My only regret is that i did not get to meet any of you all while in the Smokies this past Thanksgiving. We visit there every Thanksgiving and I hope to begin in 2011 making an annual trip in the Spring.

Tight lines and safe wading to you all....

Charles

MadisonBoats
12-07-2010, 10:44 AM
.....
I really enjoy this incredible sport and get greater joy out of helping others by providing my successful fishing spots and techniques. I have so much to learn and spend hours reading information the members of this forum provide.
You and I share very similar fly fishing philosophies!:smile:
I look forward to future discussions. Unfortunately i tend to be very technical...just my nature...being an engineer and all.... :rolleyes:...Charles
I suffer from a similar trait. I guess it is my inquisitive spirit and my curious nature....However; this trait is one of the root characteristics about fly fishing that I enjoy. It can be as simple as you want it to be or as complicated as you make it. I believe that we all pursue it for a different reason and all the really matters is that we enjoy it!

flyaddict
12-08-2010, 02:55 AM
I read this article a while ago and when I saw this thread I thought I would dig it up and post it for you guys. I have fished all my life and swore by the barometer but this guy makes a good case.

http://www.midcurrent.com/articles/science/ross_pressure_myth.aspx

MadisonBoats
12-08-2010, 10:45 AM
I read this article a while ago and when I saw this thread I thought I would dig it up and post it for you guys. I have fished all my life and swore by the barometer but this guy makes a good case.

http://www.midcurrent.com/articles/science/ross_pressure_myth.aspx

This guy makes some great/supported points; however, I believe most of his information is directed towards saltwater fish and he is considering a completely different type of biosphere than those of 'cold-water' trout.

Most trout fishing is in shallow water and I believe the atmospheric pressure has a (compounding) effect on fish. Remember; they have super sensitive sensors on their body and their ability to sense change is very keen. His discussion of how minute the change scale of measurable pressure is kind of misleading. Think about it; look how much weather changes in that range. You can have clear conditions or a violent hurricane/tornado at each end of this fine scale.

I believe he makes valid points in his article. However; I think we have to address this idea by separating each habitat and species to better understand its effects. Thanks for sharing...

By the way; I am not scientist and I am just giving my opinion. It would be nice to find an article/study from a scientist that is based on the trout environment.

jeffnles1
12-08-2010, 12:46 PM
This has been quite an interesting discussion.

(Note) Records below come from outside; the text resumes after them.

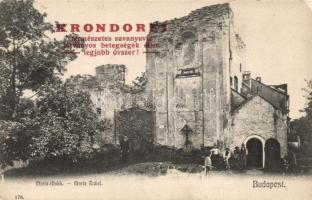 Budakeszi Máriamakk trinitárius templom romjai (EK)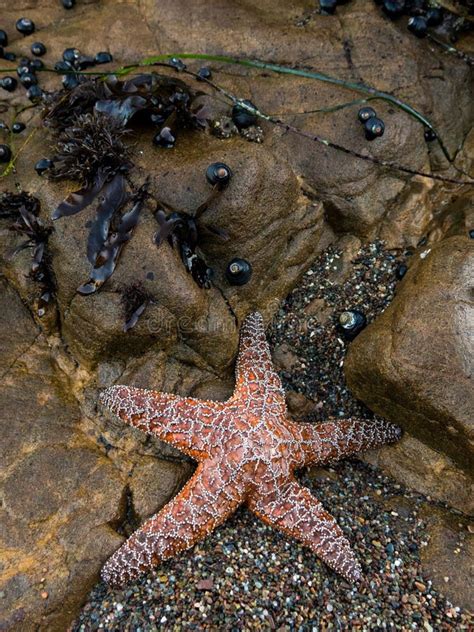 Starfish On Rocks Picture Image 2754954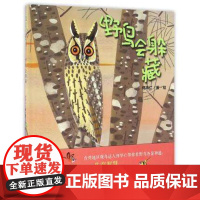 魔法象.图画书王国•野鸟会躲藏 何华仁 著绘 著作 绘本/图画书/少儿动漫书少儿 正版图书籍 广西师范大学出版社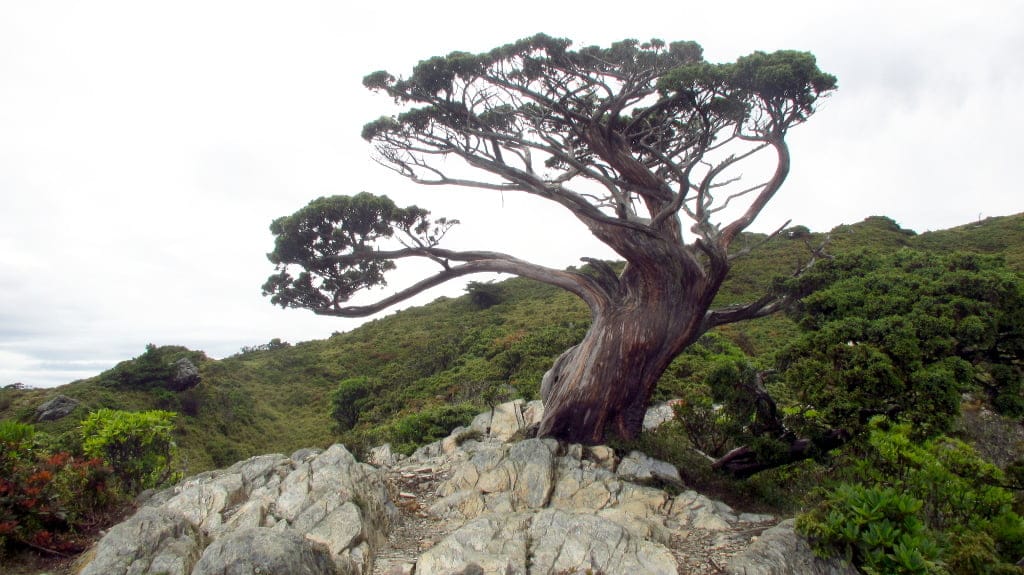 Jiaming Lake Hike Day 1 Xiangyang Tree 向陽名樹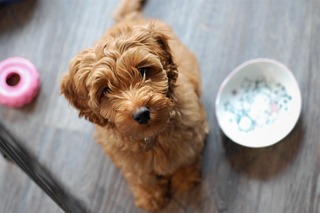 강아지 식탐 조절 방법 - Dog’s Overeating Habit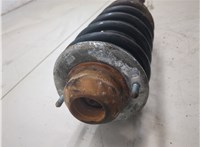 3B0413031AC Амортизатор подвески Volkswagen Passat 5 2000-2005 20216066 #5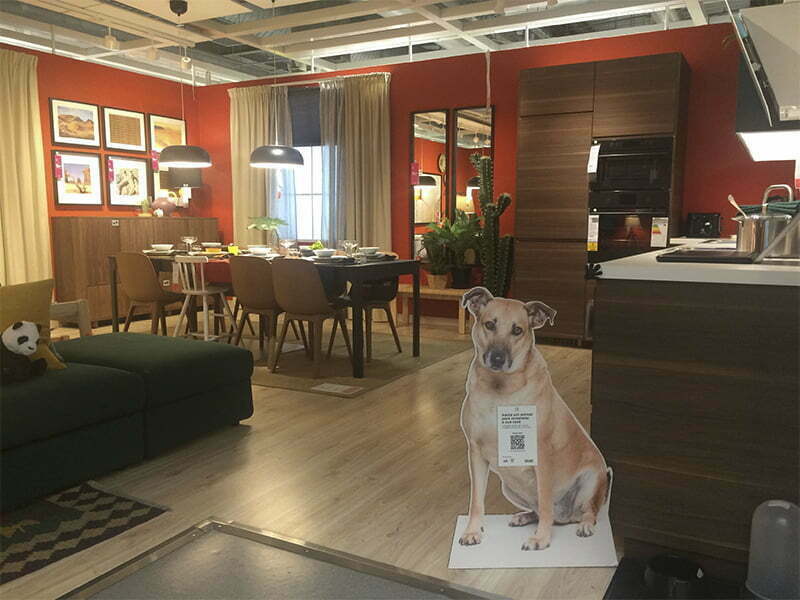 IKEA convida clientes a adotar um animal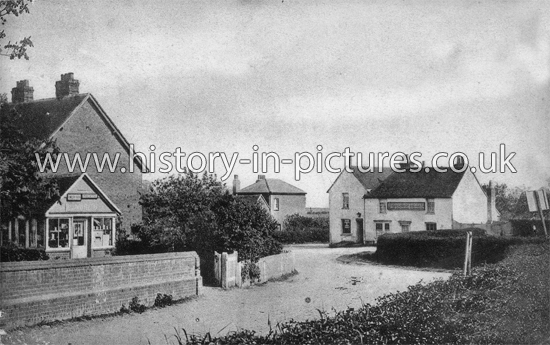 The Village, Ramsden, Essex. c.1913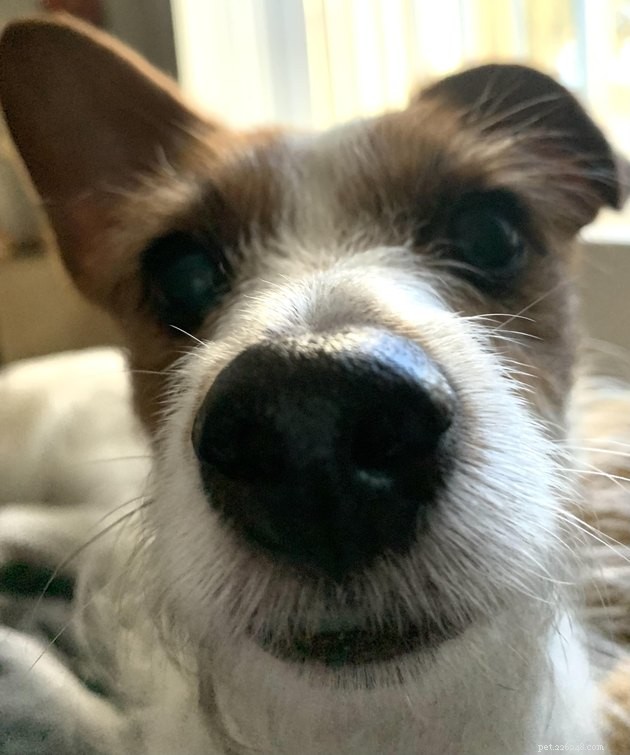18 Dogs with the Most Adorable Noses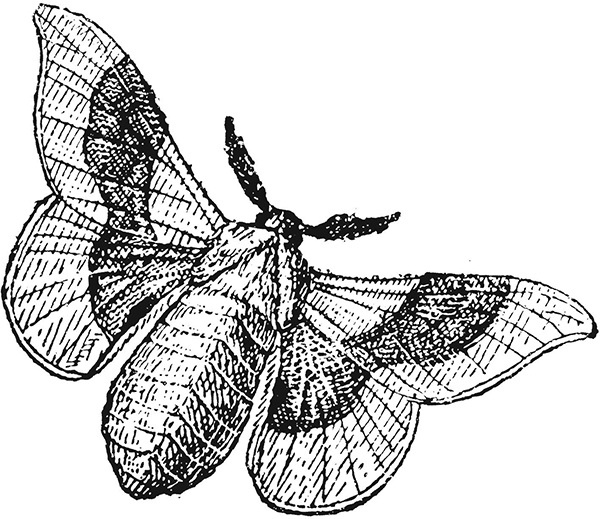 Иллюстрация к книге — Мильтон и Булька [_106.jpg]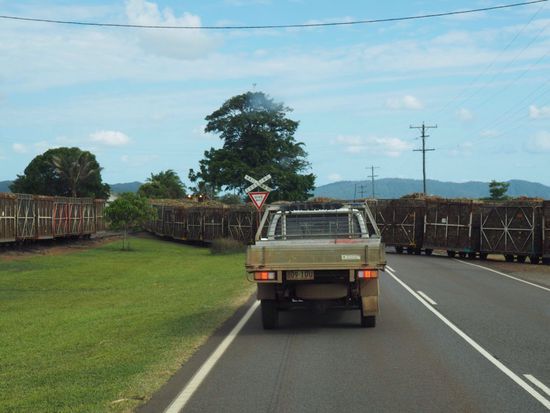 vollbeladene Sugar Cain Trains
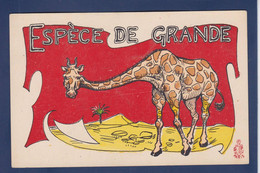 CPA Girafe Position Humaine Non Circulé - Jirafas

Thanks all.

I have no answers, only questions.

I live in Northern Kentucky so most of my fishing is for warm water species (bass, bluegill, crappie, various panfish, etc.).

Regarding water temps from a cold front: I tested a couple times last summer when a front blew through ( a rare thing here last summer where it was just hot and then more hot).

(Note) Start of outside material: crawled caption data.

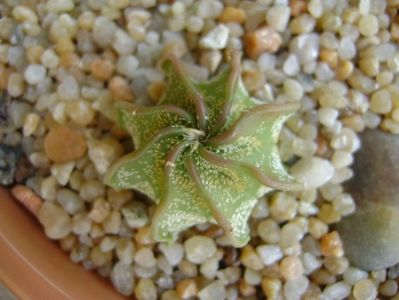 Astrophytum capricorne v. niveum, Cuatro Cienegas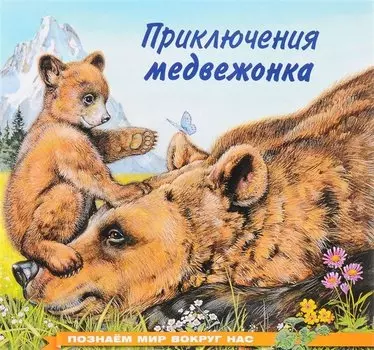 Приключения медвежонка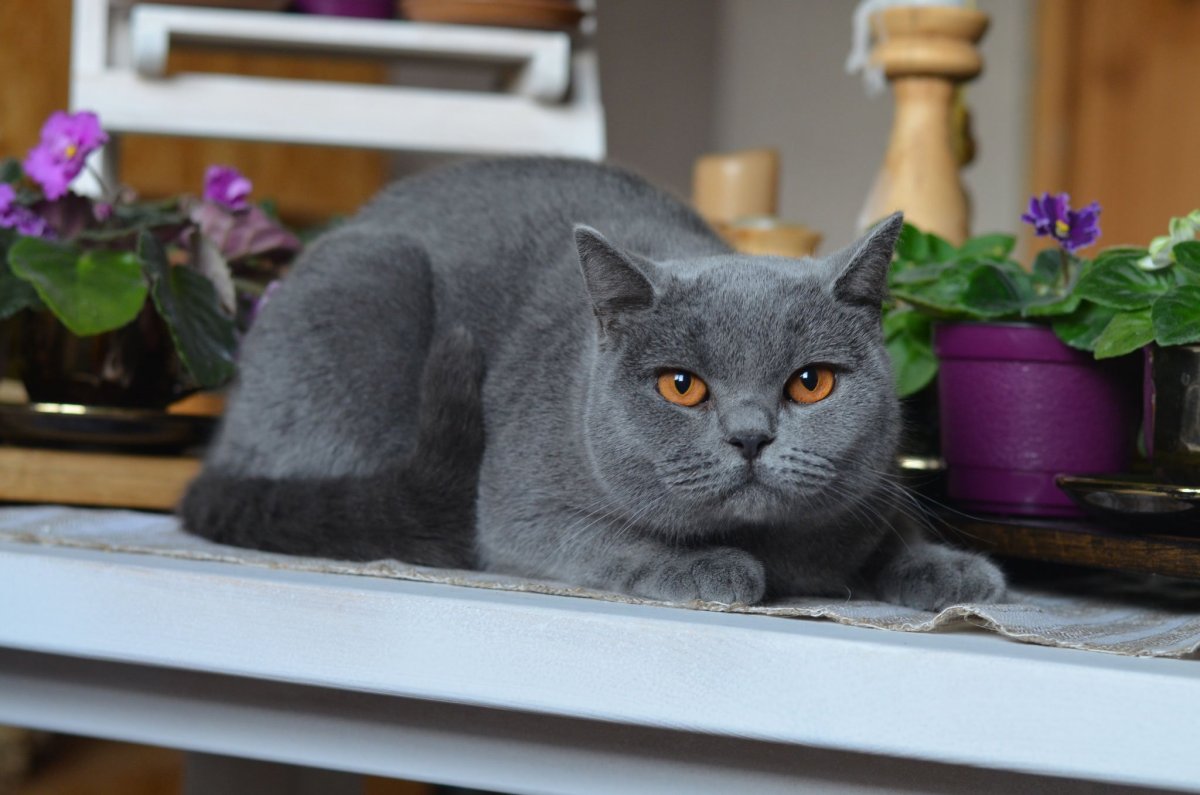 Британская кошка короткошерстная серая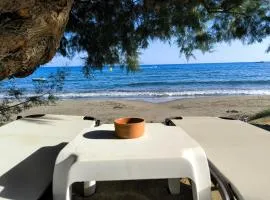 Kamara 2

Here is what I found: At the surface, after a noticable drop in outside temps, the next day, I found a couple degree difference with cooler water. However, when I dropped my thermometer in about 5' of water (the length of line I had attached to it) I didn't read any difference in water temp. Mind you, this is a little Fishpond stream thermometer I'm using and it doesn't read in tenths of a degree but all the same, no difference than I could notice. I hope this can add to the discussion.

I have no idea how fish can sense weather changes. Perhaps it's a combination of a lot of variables, waves on the surface, water temp, barametric pressure and light.

I've often wondered how big a part light played in it. However, I've tried night fishing after a front blew through and even after dark, there was a noticable difference in the number of strikes to number of casts ratio.

Unfortunately, fish can't tall. :smile:

Regardless, this has been an enjoyable thread for sure.